The housing agency claims Bronxville officials acted illegally when in 2006 they created an “age-targeted” special use permit in the village zoning code, which allows developers to build more units than allowed by zoning law if the housing is designed to appeal primarily to individuals and couples without children. The Gateway Kensington developer was granted the special permit in 2013, according to the plaintiff.
The housing agency said the Gateway Kensington apartments are intentionally designed for empty nesters, with few bedrooms and with dens lacking closets and placed far from bathrooms. The development will not offer any child-friendly amenities, according to the agency.
Such discrimination is not only wrong but illegal, said Marlene Zarfes, director of fair housing at WRO. “Municipalities violate fair housing laws when they develop housing for so-called empty nesters and discourage families from living in their communities. While age-restricted housing for seniors can be created legally under federal law, it must be for those either 55 or 62 and older.”
The village of Bronxville, in a Kensington Road condo project fact sheet posted on its website, says the development is projected to generate “only 5 to 7 school-age children” and bring an estimated $600,000 in annual tax revenue to the village and school district.
“This age-targeted concept is a new one,” said Diane Houk, an attorney representing WRO at Emery Celli Brinckerhoff & Abady LLP, when asked whether there were any case precedents for lawsuits against municipalities for discriminating against families with children in housing. “I have not heard of others doing that.”

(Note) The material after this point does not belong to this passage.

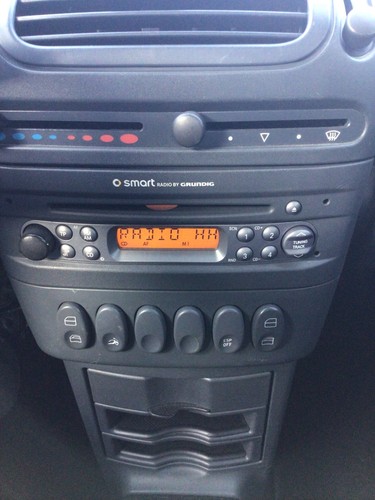 Smart radio five mit für - smart,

“What we see is suburban communities using their zoning codes to restrict access” on the basis of race, ethnic group, disabilities and other factors, she said.
WRO in its complaint claims the village and the developer are in violation of provisions of the federal Fair Housing Act and the state Human Rights Act prohibiting discrimination on the basis of familial status and age. The agency has asked the federal court to permanently bar the village from using its “age-targeted” category and to make the developer revise project plans “to ensure non-discrimination in the design, marketing, and sale” of the condo units.
WRO said its investigation of the village, which led to the lawsuit, was supported by a grant from the U.S. Department of Housing and Urban Development through its Fair Housing Initiatives Program.